Audi TT 2.0 TFSI with Audi Valvelift
FWD & AWD
6MT & DSG

*Pricing*

*T2100010* - $2,649.00 - APR K04 Turbocharger System - Software Included
*MS100034* - $99.00 - APR Valvelift PCV Hose - REQUIRED for Proper Operation on Audi Valvelift Engines

Oil / Coolant Install Kit Options (Choose one):
*MO00003* - $75.00 - 5 Liters of Motul Specific 505.01, 502.00 & 505.00 SAE 5w40 Oil, Oil Filter & 4 Liters of Inugel Optimal Ultra (Concentrated) - Organic
*MO00007* - $105.00 - 6 Liters of Motul 300V Power 5W40, Oil Filter & 4 Liters of Inugel Optimal Ultra (Concentrated) - Organic


----------



## boarderjcj (Sep 14, 2011)

Has anyone had this kit installed?


----------



## yip (Jul 14, 2003)

Really impressive you can get that kind of power for so cheap! The wife needs to upgrade from the FSI TT to a TSI TT.


----------



## sandjunkie (Sep 28, 2012)

Let us know when you have broken into the 2013 ECU encryption.:banghead:


----------



## [email protected] (Jul 29, 2008)

sandjunkie said:


> Let us know when you have broken into the 2013 ECU encryption.:banghead:


We have. Can you send me your ECU box code info?


----------



## sandjunkie (Sep 28, 2012)

[email protected] said:


> We have. Can you send me your ECU box code info?


Will do.


----------



## Reva41 (Nov 9, 2013)

I like the tip. Thanks to post it here.. I agree with the suggestion and will follow this...


----------



## boarderjcj (Sep 14, 2011)

The big spike in tq at 2700 rpm, is that due to clutch slip? 
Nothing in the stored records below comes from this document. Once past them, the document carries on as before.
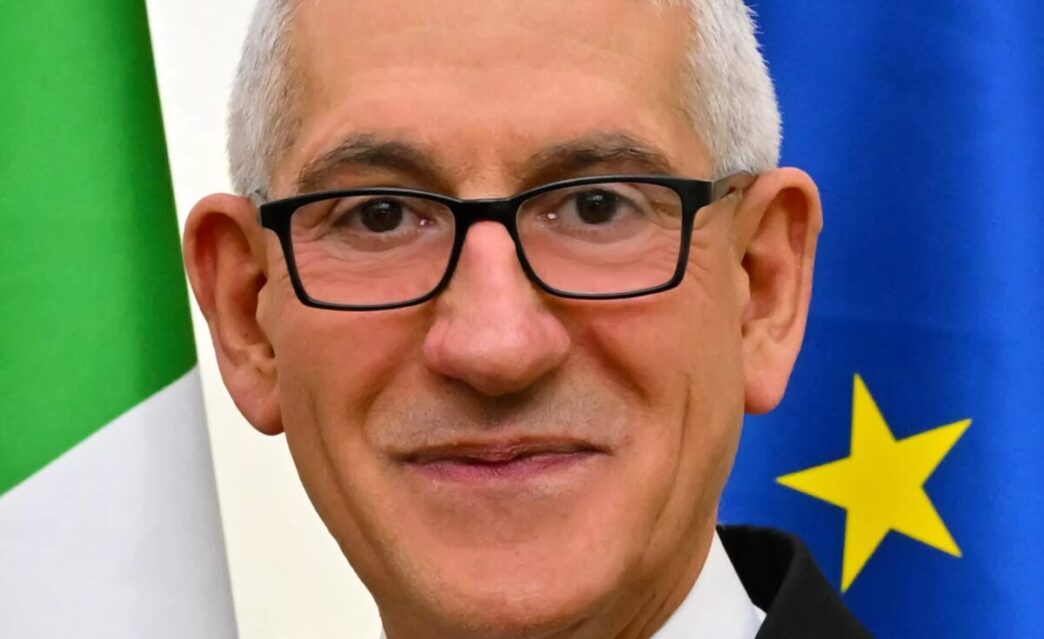 Giovanni Caravelli3A Il General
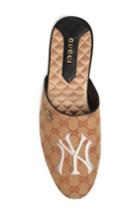 Women's Gucci Ny Flamel Mule .5us / 35.5eu - Beige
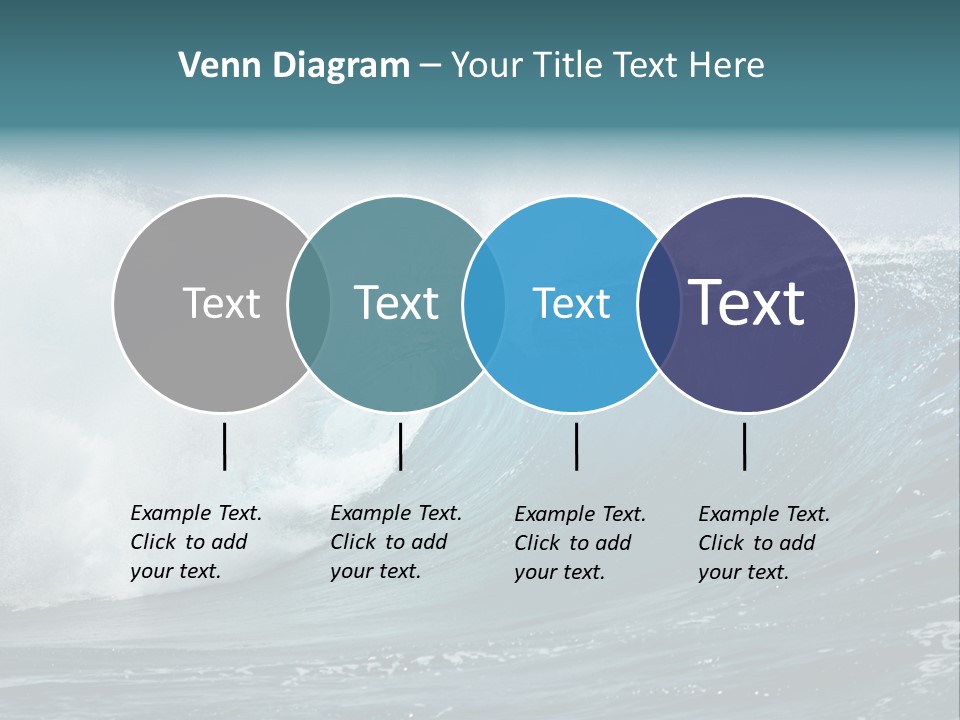 Wave Energy PowerPoint Template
At 2000 rpm the tq curve looks to be on a downward swing, is there another spike at 1500 rpm? 

Would be interesting to see the Dyno data from 0-7000 rpm.


----------



## [email protected] (Jul 29, 2008)

boarderjcj said:


> The big spike in tq at 2700 rpm, is that due to clutch slip?
> 
> At 2000 rpm the tq curve looks to be on a downward swing, is there another spike at 1500 rpm?
> 
> Would be interesting to see the Dyno data from 0-7000 rpm.


You can't measure dyno data at 0 RPM. 

There aren't any spikes either. The dyno holds the car at 2000 RPM and releases, that's what causes the power to make a J shape at the beginning before it settles back down.


----------



## [email protected] (Jul 29, 2008)

boarderjcj said:


> The big spike in tq at 2700 rpm, is that due to clutch slip?
> 
> At 2000 rpm the tq curve looks to be on a downward swing, is there another spike at 1500 rpm?
> 
> Would be interesting to see the Dyno data from 0-7000 rpm.
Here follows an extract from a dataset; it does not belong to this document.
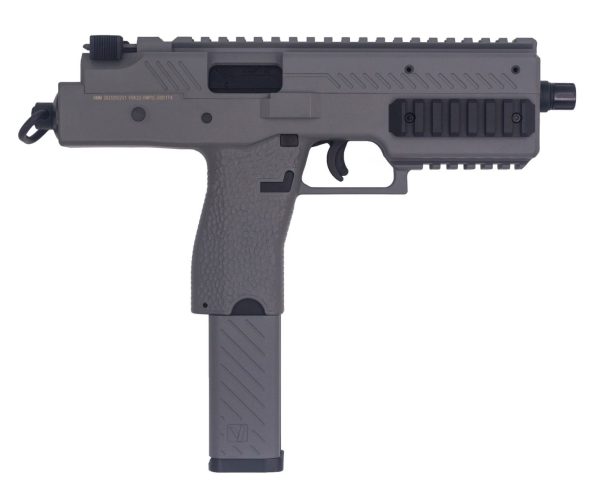 Réplique SMG VMP-1C  Gris - 0.95J – Image 2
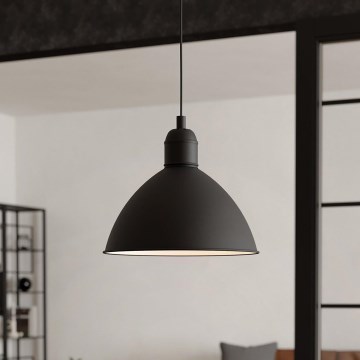 Eglo - Hanglamp aan een koord 1xE27/40W/230V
You can't measure dyno data at 0 RPM. 

There aren't any spikes either. The dyno holds the car at 2000 RPM and releases, that's what causes the power to make a J shape at the beginning before it settles back down.


----------



## JGreen76 (Aug 25, 2012)

The same DP is used for the KO4 as the KO3?

Downpipe 2.0 TSI, 2.0 TFSI & 2.0T FSI Transverse 6MT, DSG, S-Tronic & Tiptronic All Wheel Drive CD100027


----------



## [email protected] (Jul 29, 2008)

JGreen76 said:


> The same DP is used for the KO4 as the KO3?
> 
> Downpipe 2.0 TSI, 2.0 TFSI & 2.0T FSI Transverse 6MT, DSG, S-Tronic & Tiptronic All Wheel Drive CD100027


Yes


----------



## racerxjin (Feb 13, 2012)

I don't have the valve lift K04 but my APR K04 works great. 
Power and reliablility. 

I have it on my base 2010 TT Quattro and it is so much more fun now.
I haven't Dyno the car yet but I did test my 0 to 60 time. (3.82 Sec)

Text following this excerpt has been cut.